Segment Start: Data provided
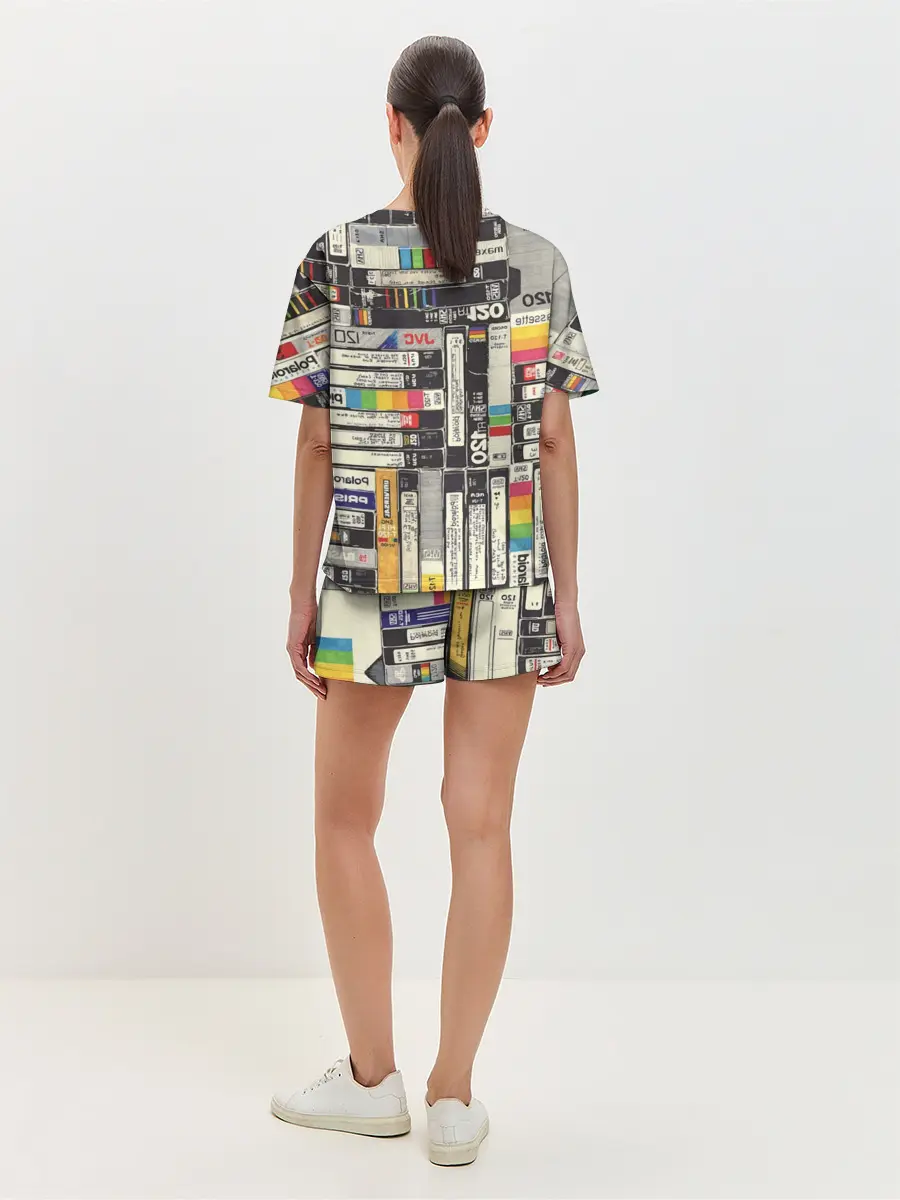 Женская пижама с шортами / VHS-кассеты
Segment End: Data provided
Segment Start: Data provided
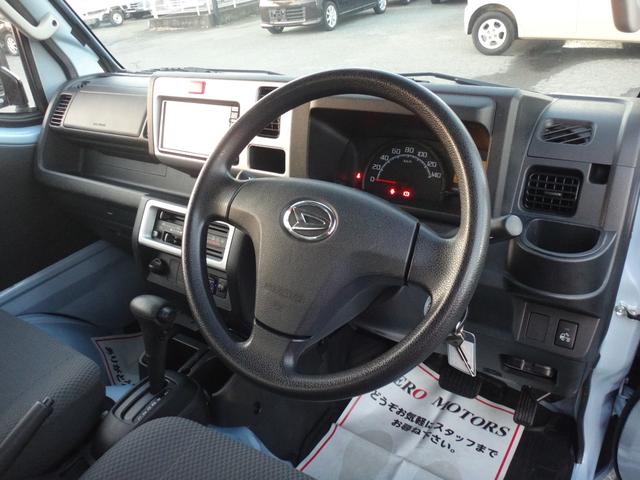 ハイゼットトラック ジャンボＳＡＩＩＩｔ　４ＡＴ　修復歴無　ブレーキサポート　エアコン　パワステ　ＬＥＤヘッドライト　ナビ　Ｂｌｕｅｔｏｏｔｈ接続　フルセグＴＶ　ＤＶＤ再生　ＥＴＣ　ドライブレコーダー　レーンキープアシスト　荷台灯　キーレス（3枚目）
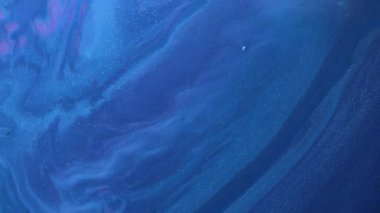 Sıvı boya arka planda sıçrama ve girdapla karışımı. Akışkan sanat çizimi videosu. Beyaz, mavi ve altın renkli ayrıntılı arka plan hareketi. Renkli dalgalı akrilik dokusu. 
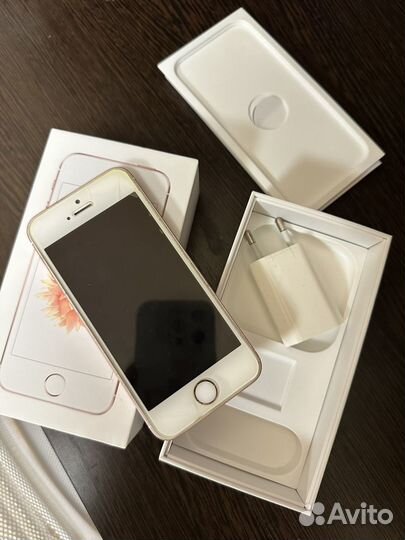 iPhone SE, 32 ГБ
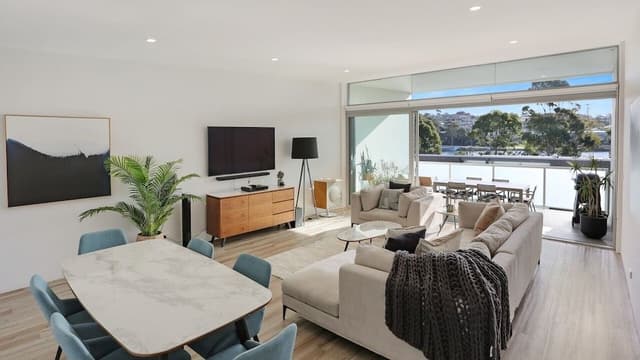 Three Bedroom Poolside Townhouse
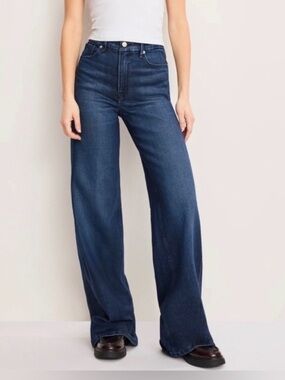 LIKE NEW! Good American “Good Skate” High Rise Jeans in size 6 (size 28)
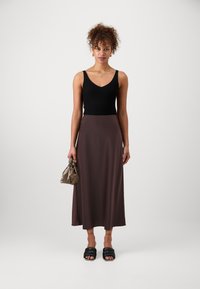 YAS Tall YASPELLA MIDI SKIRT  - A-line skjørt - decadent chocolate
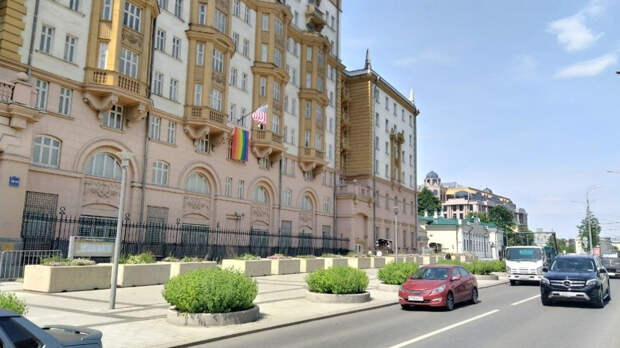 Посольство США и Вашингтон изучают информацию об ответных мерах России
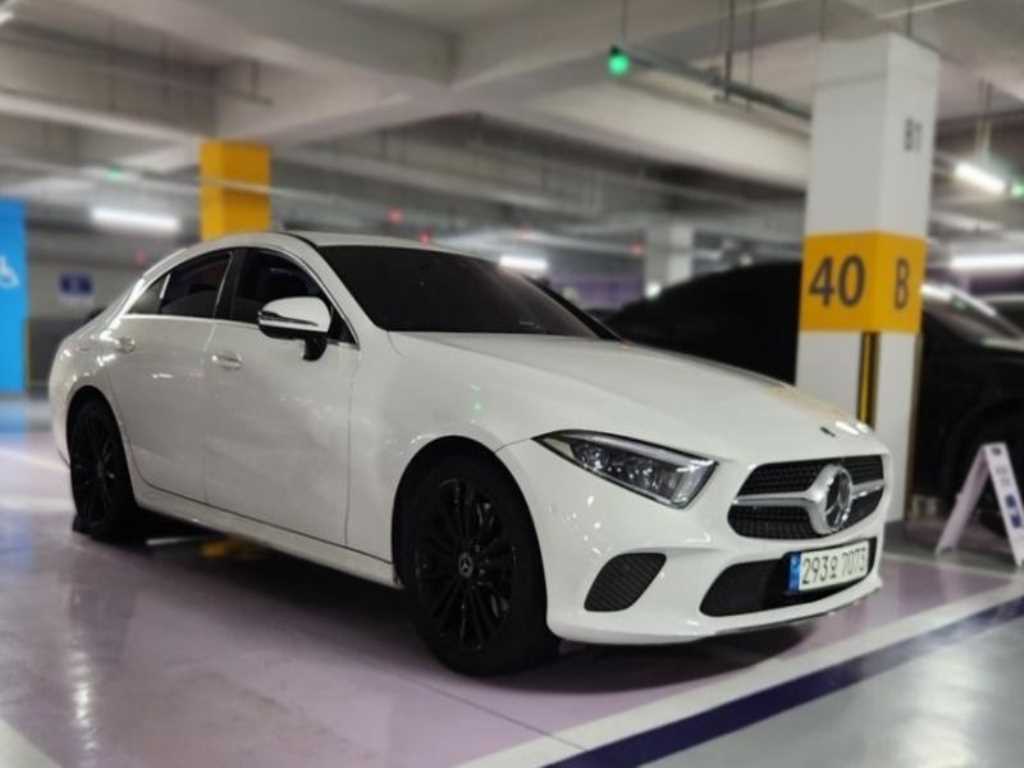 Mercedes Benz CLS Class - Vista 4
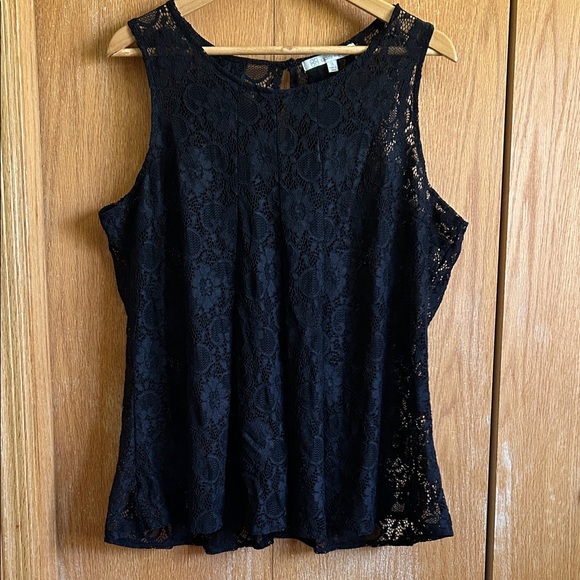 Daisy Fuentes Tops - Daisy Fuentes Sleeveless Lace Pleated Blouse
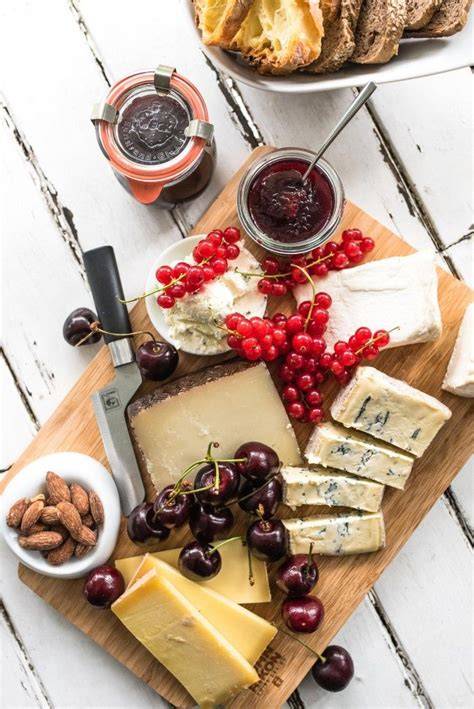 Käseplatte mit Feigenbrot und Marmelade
Segment End: Data provided
Segment Start: Data provided
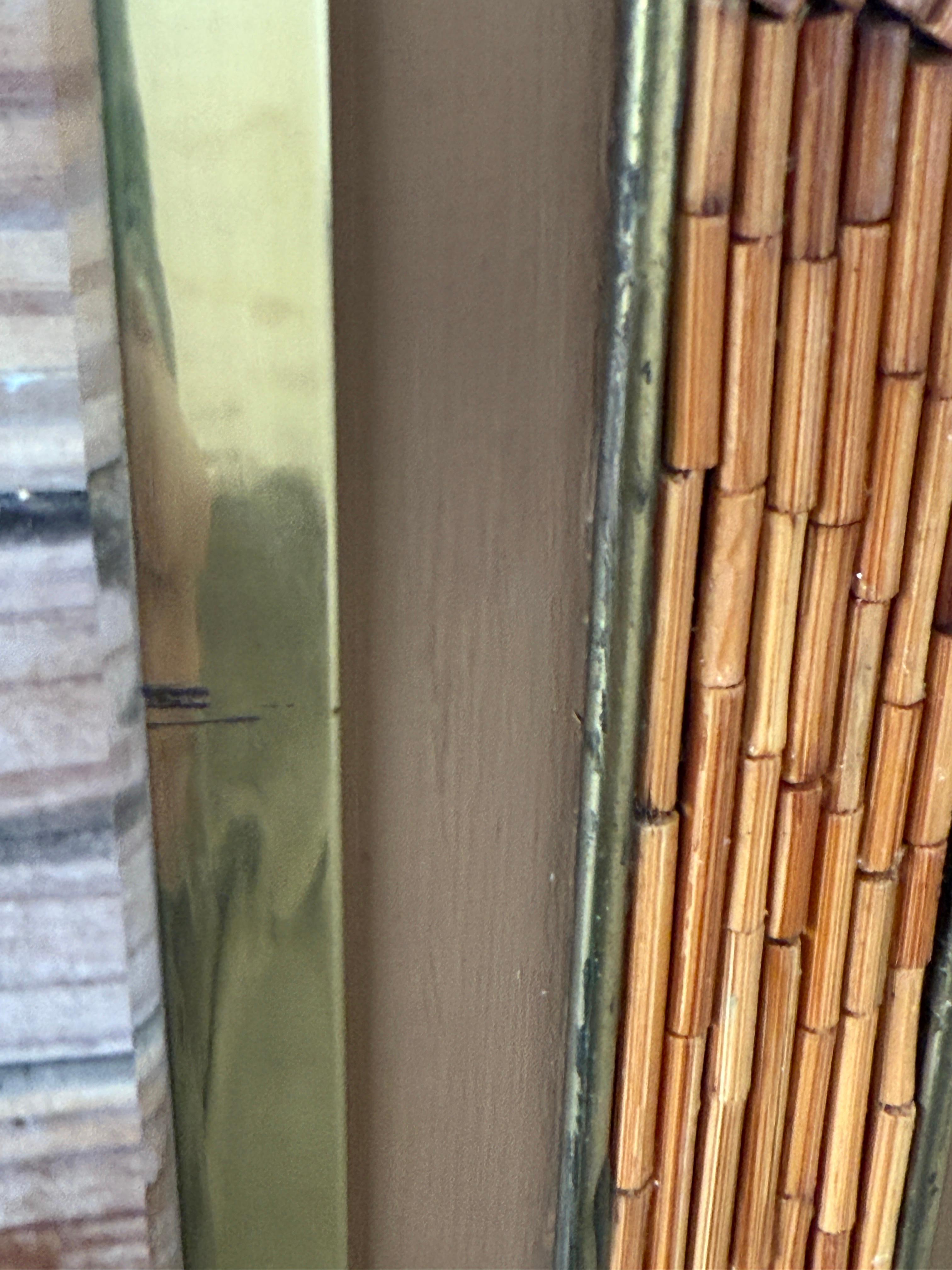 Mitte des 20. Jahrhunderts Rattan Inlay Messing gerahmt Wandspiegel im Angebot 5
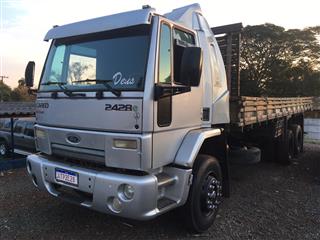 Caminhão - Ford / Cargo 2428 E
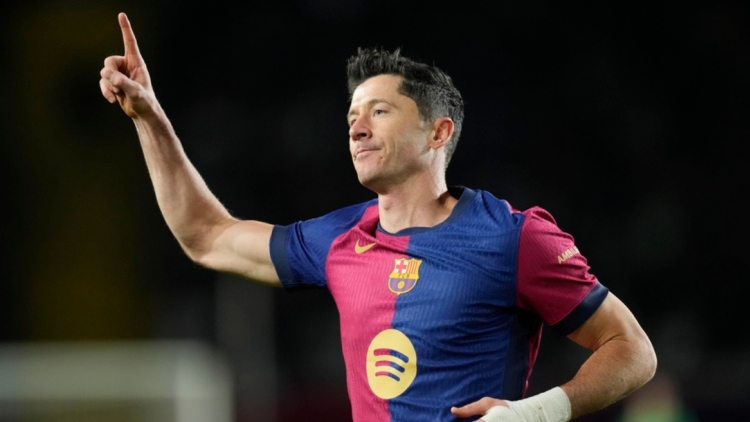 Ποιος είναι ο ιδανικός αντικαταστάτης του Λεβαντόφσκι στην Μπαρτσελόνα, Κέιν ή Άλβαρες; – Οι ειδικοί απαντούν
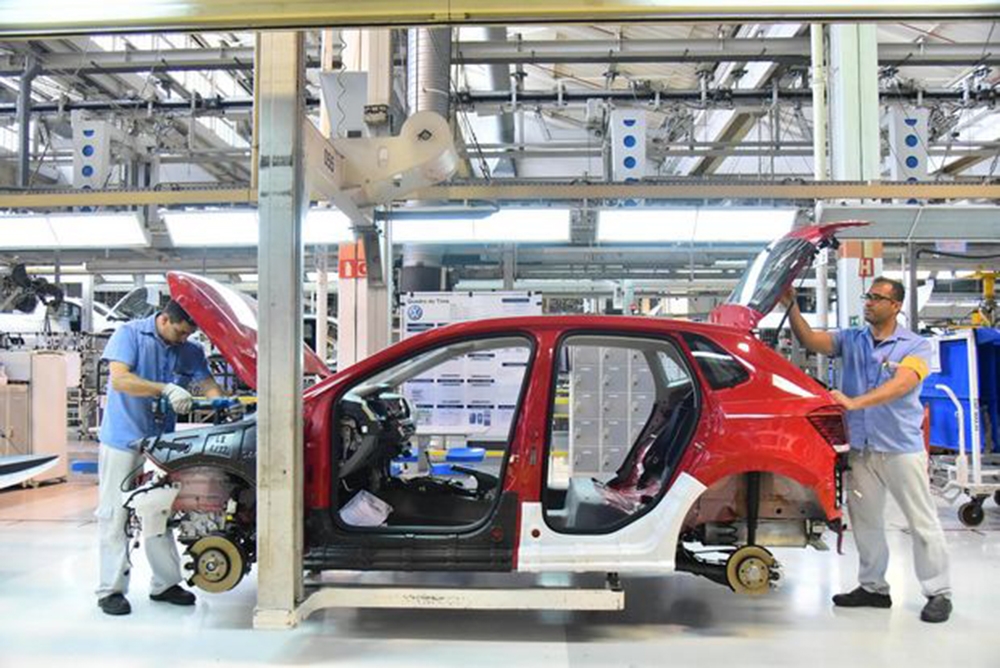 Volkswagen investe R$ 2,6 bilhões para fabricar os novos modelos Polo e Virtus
Segment End: Data provided
What to produce:
Print from the line containing "Daisy Fuentes Tops" through the line containing "Käseplatte mit Feigenbrot und Marmelade" in the data above, exactly as the lines stand, and omit every picture.

Task result:
 Daisy Fuentes Tops - Daisy Fuentes Sleeveless Lace Pleated Blouse
 Käseplatte mit Feigenbrot und Marmelade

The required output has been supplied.